Records contained in a dataset:
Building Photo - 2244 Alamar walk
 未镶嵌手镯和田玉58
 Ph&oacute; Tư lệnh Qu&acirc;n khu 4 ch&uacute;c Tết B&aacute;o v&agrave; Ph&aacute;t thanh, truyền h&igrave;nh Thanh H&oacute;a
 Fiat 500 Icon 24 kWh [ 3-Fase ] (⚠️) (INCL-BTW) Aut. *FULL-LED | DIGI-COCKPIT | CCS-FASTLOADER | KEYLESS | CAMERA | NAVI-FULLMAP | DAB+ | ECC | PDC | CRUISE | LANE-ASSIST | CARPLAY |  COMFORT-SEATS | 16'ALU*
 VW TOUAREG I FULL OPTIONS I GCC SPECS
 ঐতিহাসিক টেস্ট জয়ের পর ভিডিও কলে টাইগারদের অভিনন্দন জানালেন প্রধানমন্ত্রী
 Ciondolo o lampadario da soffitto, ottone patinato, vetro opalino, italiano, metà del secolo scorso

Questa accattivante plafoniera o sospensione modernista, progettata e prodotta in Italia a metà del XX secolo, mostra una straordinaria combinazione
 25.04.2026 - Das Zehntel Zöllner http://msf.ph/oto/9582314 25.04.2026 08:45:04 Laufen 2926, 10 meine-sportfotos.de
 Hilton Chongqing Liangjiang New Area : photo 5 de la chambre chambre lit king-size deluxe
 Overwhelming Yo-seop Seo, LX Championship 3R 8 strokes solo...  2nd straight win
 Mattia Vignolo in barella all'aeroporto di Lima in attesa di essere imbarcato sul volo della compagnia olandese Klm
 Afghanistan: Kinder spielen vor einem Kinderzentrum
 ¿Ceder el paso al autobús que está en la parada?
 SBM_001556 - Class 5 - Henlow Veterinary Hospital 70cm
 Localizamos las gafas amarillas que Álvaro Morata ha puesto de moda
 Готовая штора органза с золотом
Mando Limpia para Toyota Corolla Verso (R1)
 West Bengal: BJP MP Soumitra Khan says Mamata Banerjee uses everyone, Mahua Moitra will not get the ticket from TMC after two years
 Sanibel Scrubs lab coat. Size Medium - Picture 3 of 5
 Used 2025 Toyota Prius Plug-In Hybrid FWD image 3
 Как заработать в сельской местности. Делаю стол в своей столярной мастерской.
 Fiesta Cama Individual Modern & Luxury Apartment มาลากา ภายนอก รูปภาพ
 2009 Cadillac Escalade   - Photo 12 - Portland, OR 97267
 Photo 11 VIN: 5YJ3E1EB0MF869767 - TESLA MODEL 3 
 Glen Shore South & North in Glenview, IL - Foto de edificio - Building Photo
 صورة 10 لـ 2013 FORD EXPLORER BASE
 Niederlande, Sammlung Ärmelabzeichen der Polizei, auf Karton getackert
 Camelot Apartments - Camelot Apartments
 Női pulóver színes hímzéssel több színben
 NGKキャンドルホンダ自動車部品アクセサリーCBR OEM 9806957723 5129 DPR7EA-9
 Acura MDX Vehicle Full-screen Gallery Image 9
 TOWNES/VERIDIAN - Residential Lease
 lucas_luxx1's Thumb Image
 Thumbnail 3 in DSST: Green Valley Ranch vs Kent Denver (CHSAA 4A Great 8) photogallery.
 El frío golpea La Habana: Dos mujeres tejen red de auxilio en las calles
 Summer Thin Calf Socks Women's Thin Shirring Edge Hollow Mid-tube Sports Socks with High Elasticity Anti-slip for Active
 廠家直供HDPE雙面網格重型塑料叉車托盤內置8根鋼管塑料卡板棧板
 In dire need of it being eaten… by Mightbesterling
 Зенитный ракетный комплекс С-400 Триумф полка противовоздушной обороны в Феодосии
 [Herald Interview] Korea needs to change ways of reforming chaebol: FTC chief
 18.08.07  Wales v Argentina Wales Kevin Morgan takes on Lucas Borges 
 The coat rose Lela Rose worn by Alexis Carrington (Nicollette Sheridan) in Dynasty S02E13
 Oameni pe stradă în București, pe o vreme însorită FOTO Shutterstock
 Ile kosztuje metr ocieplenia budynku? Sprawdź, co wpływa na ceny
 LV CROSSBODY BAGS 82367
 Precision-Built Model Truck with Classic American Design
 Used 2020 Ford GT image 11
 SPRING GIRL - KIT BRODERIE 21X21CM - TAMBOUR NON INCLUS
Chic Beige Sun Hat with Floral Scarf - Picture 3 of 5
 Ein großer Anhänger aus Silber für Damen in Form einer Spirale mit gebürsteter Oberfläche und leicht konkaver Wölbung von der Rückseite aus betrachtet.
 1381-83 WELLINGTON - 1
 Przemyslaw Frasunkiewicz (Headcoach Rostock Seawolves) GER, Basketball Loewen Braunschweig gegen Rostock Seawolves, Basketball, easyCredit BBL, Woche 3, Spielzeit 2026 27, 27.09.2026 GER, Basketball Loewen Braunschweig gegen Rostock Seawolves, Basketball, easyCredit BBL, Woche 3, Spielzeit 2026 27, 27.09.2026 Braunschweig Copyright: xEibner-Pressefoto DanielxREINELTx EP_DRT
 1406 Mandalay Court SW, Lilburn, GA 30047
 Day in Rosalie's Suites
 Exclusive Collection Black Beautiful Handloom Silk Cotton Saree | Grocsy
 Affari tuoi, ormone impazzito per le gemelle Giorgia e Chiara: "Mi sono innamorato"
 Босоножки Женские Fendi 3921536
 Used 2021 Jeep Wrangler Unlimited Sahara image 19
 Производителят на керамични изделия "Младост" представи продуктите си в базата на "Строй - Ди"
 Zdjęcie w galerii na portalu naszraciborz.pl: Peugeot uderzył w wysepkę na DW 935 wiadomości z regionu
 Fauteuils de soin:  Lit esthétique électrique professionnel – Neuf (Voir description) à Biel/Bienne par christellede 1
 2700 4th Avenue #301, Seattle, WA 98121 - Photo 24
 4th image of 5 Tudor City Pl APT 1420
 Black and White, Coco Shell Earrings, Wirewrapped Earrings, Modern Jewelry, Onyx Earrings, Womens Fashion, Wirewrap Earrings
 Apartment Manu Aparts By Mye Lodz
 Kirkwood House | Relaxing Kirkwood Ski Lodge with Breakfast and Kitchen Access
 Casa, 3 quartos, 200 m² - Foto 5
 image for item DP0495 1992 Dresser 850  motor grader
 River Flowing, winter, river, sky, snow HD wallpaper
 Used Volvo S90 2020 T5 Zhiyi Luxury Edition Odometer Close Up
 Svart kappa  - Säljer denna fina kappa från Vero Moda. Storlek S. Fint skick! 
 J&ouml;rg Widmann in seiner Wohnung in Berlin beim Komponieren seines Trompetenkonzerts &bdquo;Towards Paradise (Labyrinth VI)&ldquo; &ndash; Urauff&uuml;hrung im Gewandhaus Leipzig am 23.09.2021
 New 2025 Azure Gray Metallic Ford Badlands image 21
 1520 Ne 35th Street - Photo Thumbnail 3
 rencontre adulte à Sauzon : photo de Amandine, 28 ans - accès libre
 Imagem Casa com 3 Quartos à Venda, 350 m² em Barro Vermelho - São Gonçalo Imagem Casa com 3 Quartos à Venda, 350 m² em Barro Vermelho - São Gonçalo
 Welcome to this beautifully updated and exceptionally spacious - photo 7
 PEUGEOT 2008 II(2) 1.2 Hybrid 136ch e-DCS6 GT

WHAT IS EXPECTED: Print again the lines of the entries above that fall between the line holding "lucas_luxx1's Thumb Image" and the line holding "The coat rose", inclusive, exactly as they stand.

ANSWER SECTION:
 lucas_luxx1's Thumb Image
 Thumbnail 3 in DSST: Green Valley Ranch vs Kent Denver (CHSAA 4A Great 8) photogallery.
 El frío golpea La Habana: Dos mujeres tejen red de auxilio en las calles
 Summer Thin Calf Socks Women's Thin Shirring Edge Hollow Mid-tube Sports Socks with High Elasticity Anti-slip for Active
 廠家直供HDPE雙面網格重型塑料叉車托盤內置8根鋼管塑料卡板棧板
 In dire need of it being eaten… by Mightbesterling
 Зенитный ракетный комплекс С-400 Триумф полка противовоздушной обороны в Феодосии
 [Herald Interview] Korea needs to change ways of reforming chaebol: FTC chief
 18.08.07  Wales v Argentina Wales Kevin Morgan takes on Lucas Borges 
 The coat rose Lela Rose worn by Alexis Carrington (Nicollette Sheridan) in Dynasty S02E13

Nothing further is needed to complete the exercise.